**Your task:** What you output must be the exact lines from the first line of the data through the one holding "Tapis De Souris", with no pictures.

── Data to use

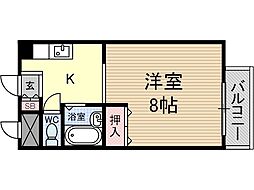 アルカディアST 1階1Kの間取り
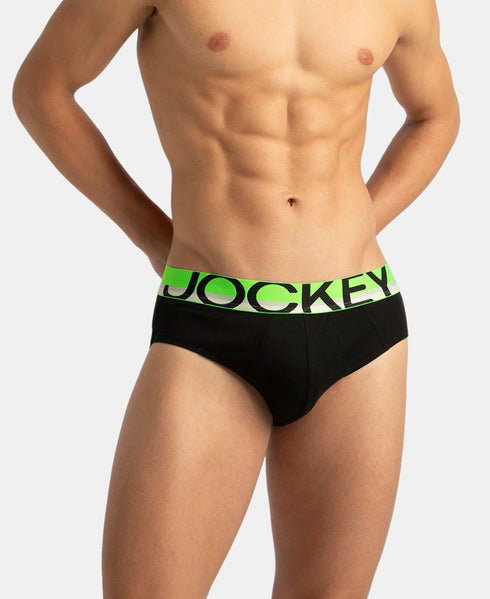 Jockey Cotton Solid Brief with Ultrasoft Waistband | New Black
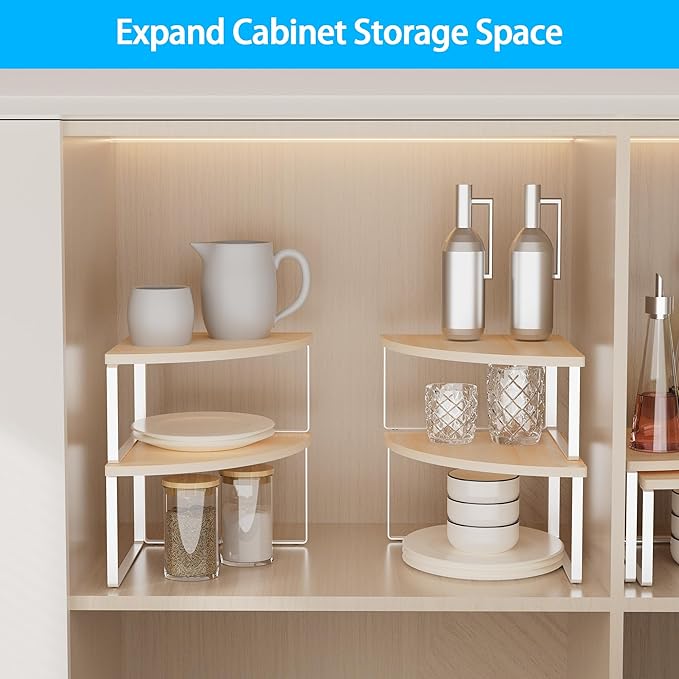 Golener Kitchen Corner Shelf, Corner Spice Rack, Counter Shelf, Stackable | Kitchen Counter Organizer, Plate Organizer for Cabinet, 2-Tier Corner Countertop Shelf, Corner Desk Shelf, Natural Beige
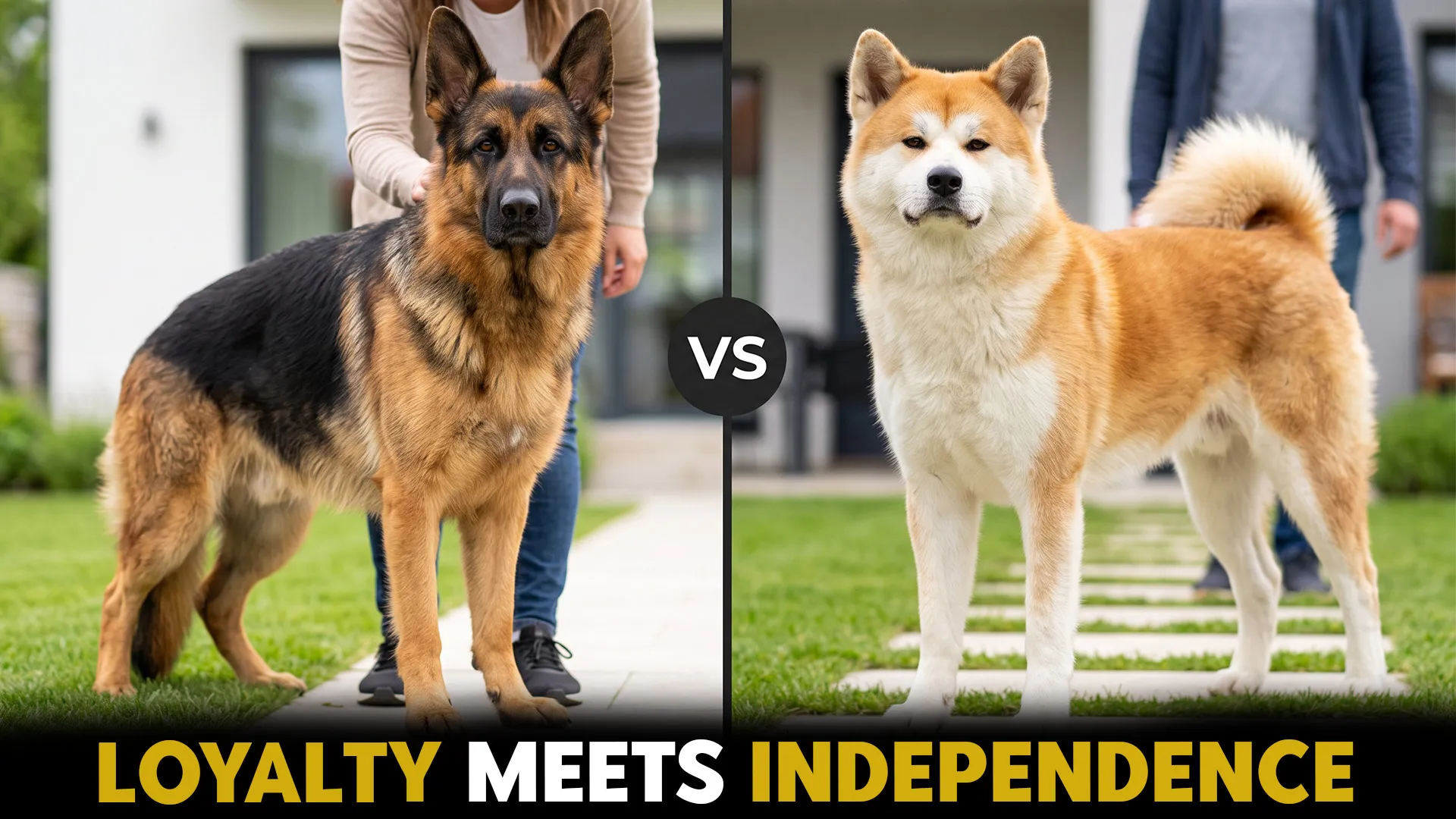 german shepherd vs akita loyalty and independence compared
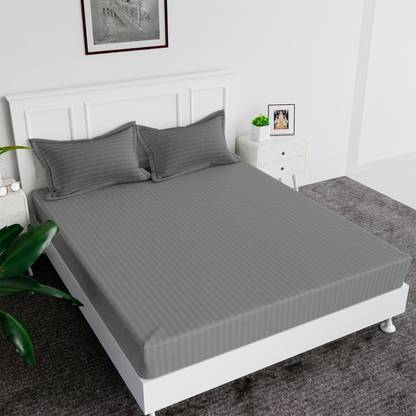 Rvans Creations 310 TC Satin King Striped Fitted (Elastic) Bedsheet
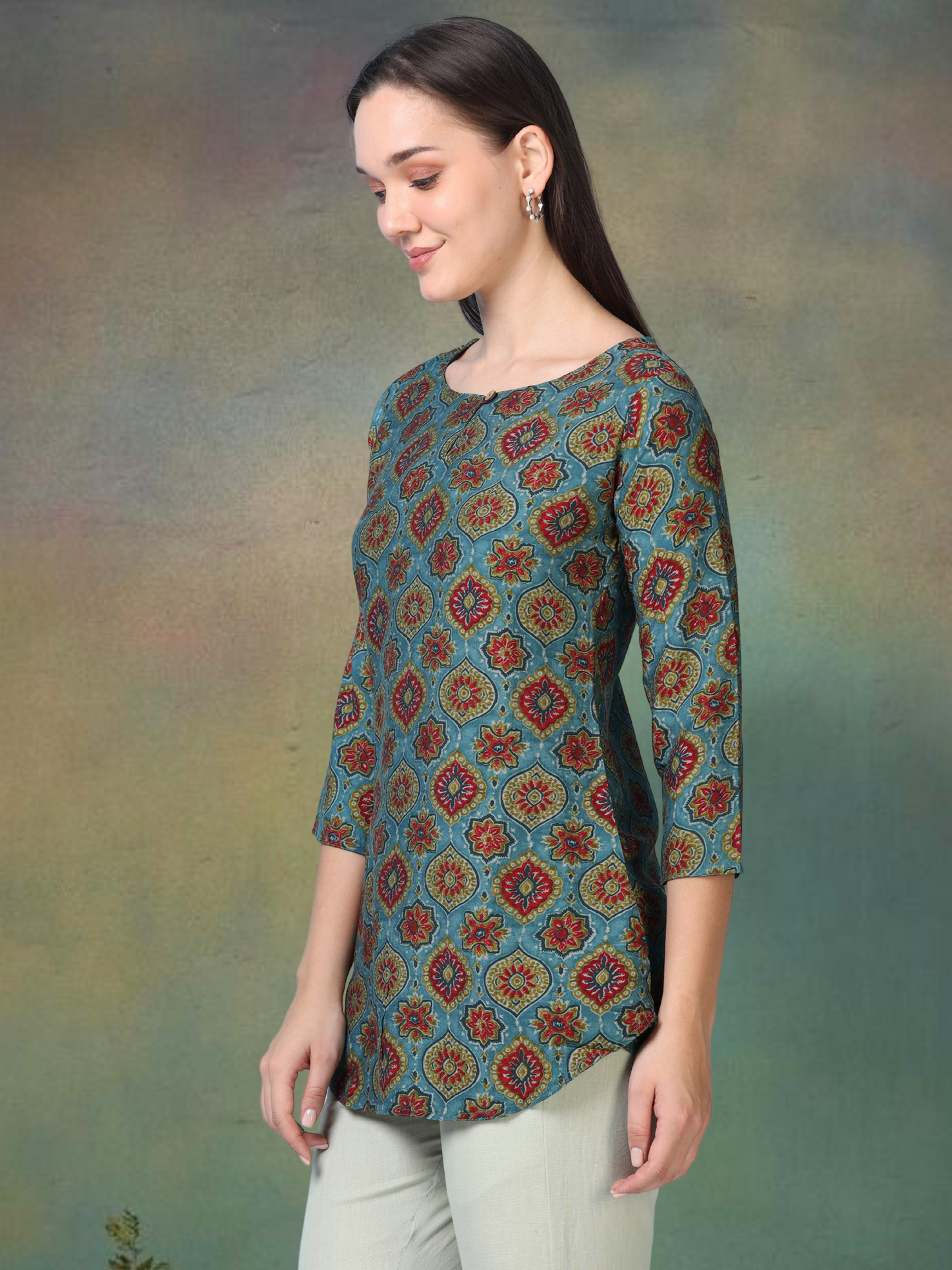 Skyline Charm – Printed Short Blue Cotton Kurti (1NH-6-A16)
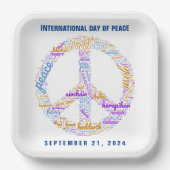 世界平和の日の平和の標識ワードクラウド ペーパープレート (正面)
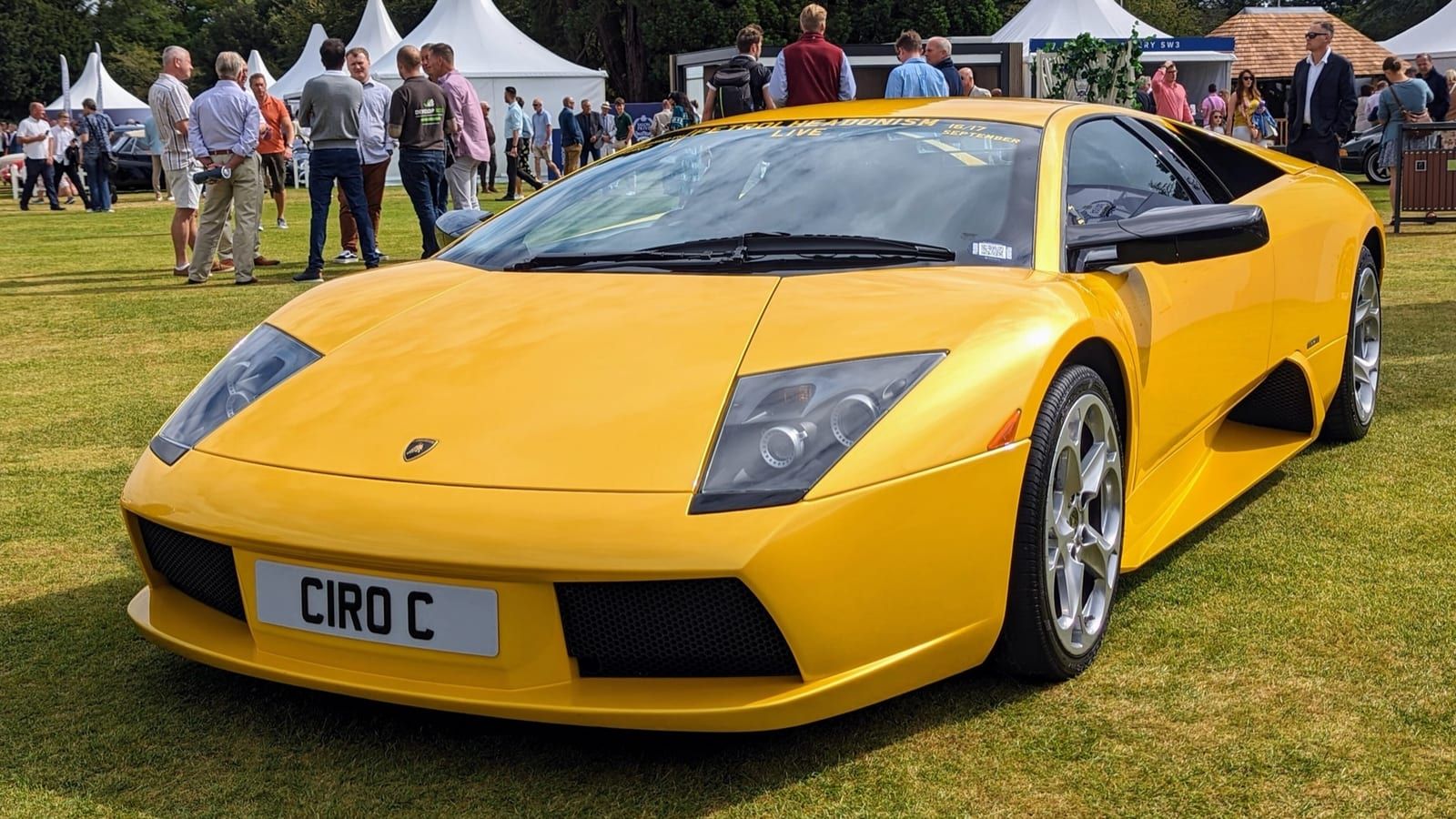 Yellow 2005 Lamborghini Murcielago coupe, front three-quarter view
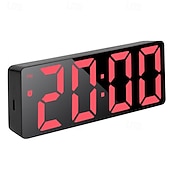 Недорогие Декоративные огни-цифровые часы, светодиодные зеркальные часы, большой зеркальный таймер с дисплеем, бесшумные светящиеся будильники с отображением даты и температуры, современный декор для дома, настольные украшения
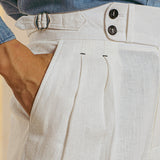 Italian Straight High Waist Casual Linen Trousers
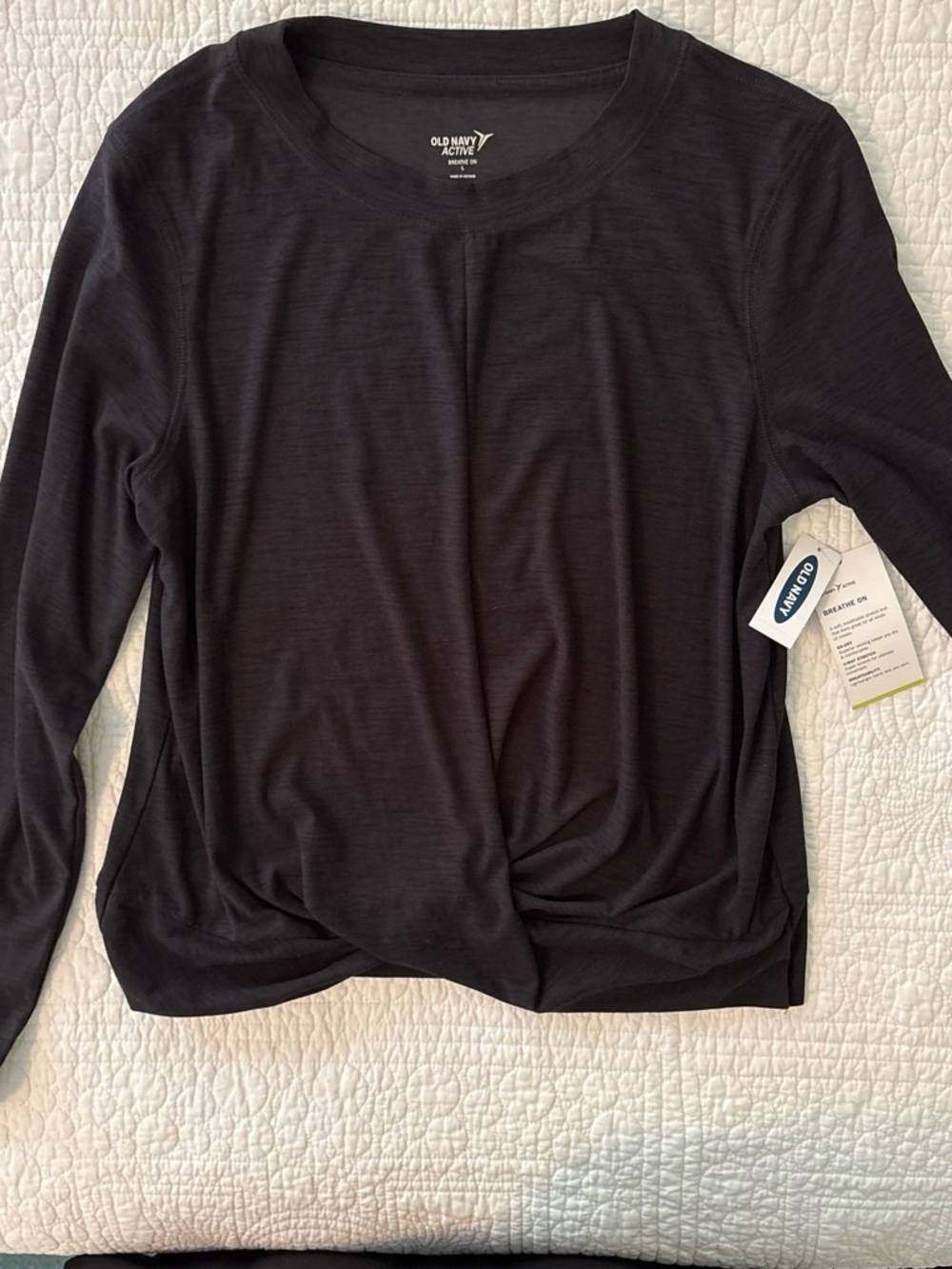 Old Navy Black Long Sleeve Twist-Front Active Top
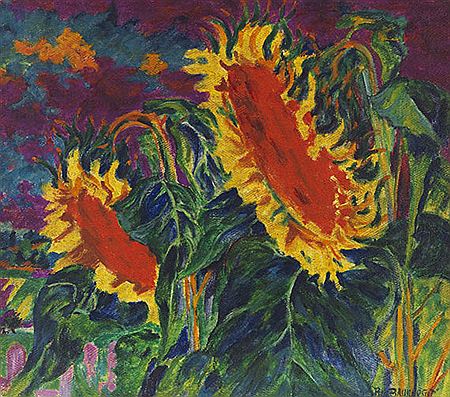 Zwei Sonnenblumen, 1926-1928. by Philipp Bauknecht - Auction record, sale price, and art valuation. Compare with similar artists and explore comparable artworks.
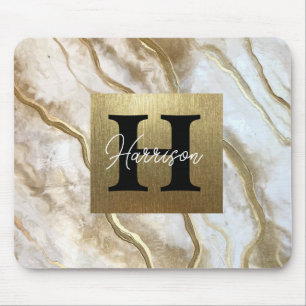 Tapis De Souris White and Gold Marble Monogram Name Personalized  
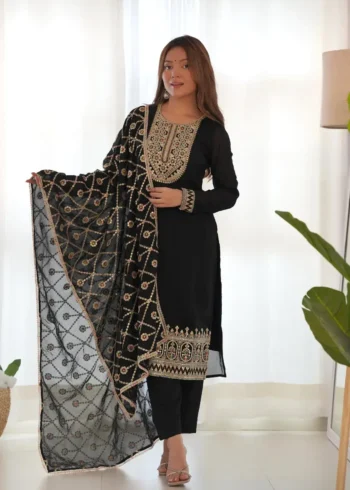 Black Vichitra Silk Straight Fit Kurta Salwar Suit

────

**Your solution:**
 アルカディアST 1階1Kの間取り
 Jockey Cotton Solid Brief with Ultrasoft Waistband | New Black
 Golener Kitchen Corner Shelf, Corner Spice Rack, Counter Shelf, Stackable | Kitchen Counter Organizer, Plate Organizer for Cabinet, 2-Tier Corner Countertop Shelf, Corner Desk Shelf, Natural Beige
 german shepherd vs akita loyalty and independence compared
 Rvans Creations 310 TC Satin King Striped Fitted (Elastic) Bedsheet
 Skyline Charm – Printed Short Blue Cotton Kurti (1NH-6-A16)
 世界平和の日の平和の標識ワードクラウド ペーパープレート (正面)
 Yellow 2005 Lamborghini Murcielago coupe, front three-quarter view
 Недорогие Декоративные огни-цифровые часы, светодиодные зеркальные часы, большой зеркальный таймер с дисплеем, бесшумные светящиеся будильники с отображением даты и температуры, современный декор для дома, настольные украшения
 Italian Straight High Waist Casual Linen Trousers
 Old Navy Black Long Sleeve Twist-Front Active Top
 Zwei Sonnenblumen, 1926-1928. by Philipp Bauknecht - Auction record, sale price, and art valuation. Compare with similar artists and explore comparable artworks.
 Tapis De Souris White and Gold Marble Monogram Name Personalized  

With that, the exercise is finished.